Tussen eind en begin
13 Dec, 2011
Door: Hans Zwetsloot en Lydia Kimman
Als een mens wordt geboren, is die vervuld met elan. Deze stroom van natuurlijke levenskracht hapert of stokt zodra de ouder(s) en/of het kind de geboorte als een traumatiserende gebeurtenis ervaren. Uitgaande van de gedachte, dat een mens primair een spiritueel wezen is en het lichaam een expressie van de ziel, heeft deze hapering een wezenlijke betekenis. Daarnaast vraagt het ook om ‘onthaperen’, zodat het elan weer vrij kan stromen en het leven zich mentaal, emotioneel, lichamelijk en spiritueel volledig kan ontvouwen.
Dankzij de ontwikkeling van onderzoeksmethoden zoals video en echoscopie is vanaf de tachtiger jaren de kennis van de embryo, foetus en baby als mens enorm toegenomen. Ook het registreren van ontspanning en stress via registratie van de hartslagfrequentie, door intra-uteriene vruchtwater- en bloedchemiebepalingen hebben hieraan bijgedragen.
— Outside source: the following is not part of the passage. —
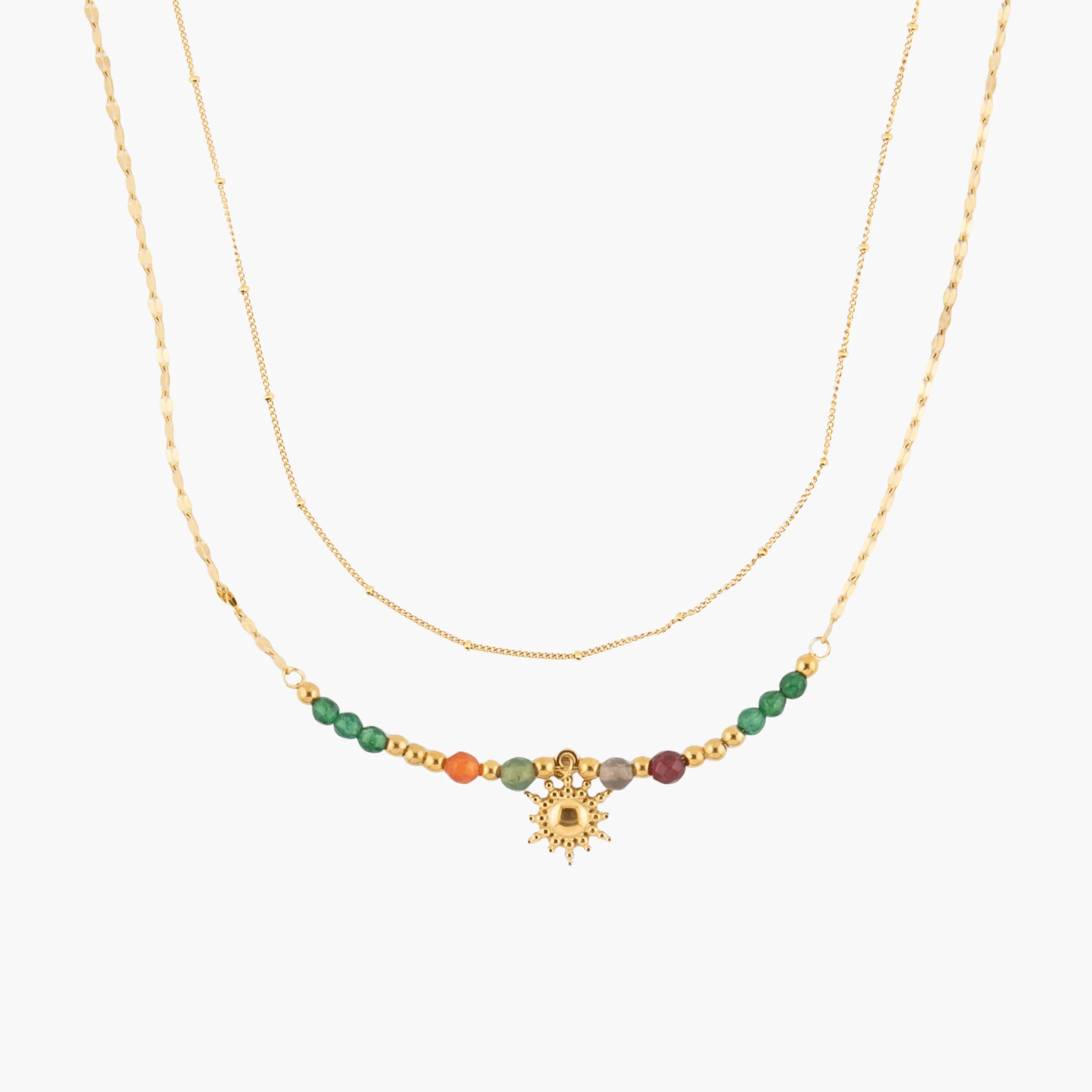 Golden necklace with colorful beads and a sun charm on a white background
Zo weten we inmiddels dat de a terme baby (37 tot 42 weken) bij de geboorte geheel op zijn ‘nieuwe’ leven is voorbereid. Al tijdens het prenatale leven worden naast de diverse organen ook de zintuigen in een vroeg stadium ontwikkeld en geoefend. Taal, melodie en gevoel zijn daarmee aan zijn lichamelijke ontwikkeling verbonden. Al die verschillende prikkels worden in het prille geheugen opgeslagen en maakt communicatie mogelijk. Alleen de visus functioneert nog minimaal. Pas na de geboorte leert een baby om te focussen, vandaar dat een boreling geregeld scheel kan kijken. Op het moment van de geboorte is er sprake van een compleet ‘mensje’, een ‘bio-psycho-sociaalspiritueel’ wezentje met een compleet MELS-beleven, een Mentaal, Emotioneel, Lichamelijk en Spiritueel ervaren is.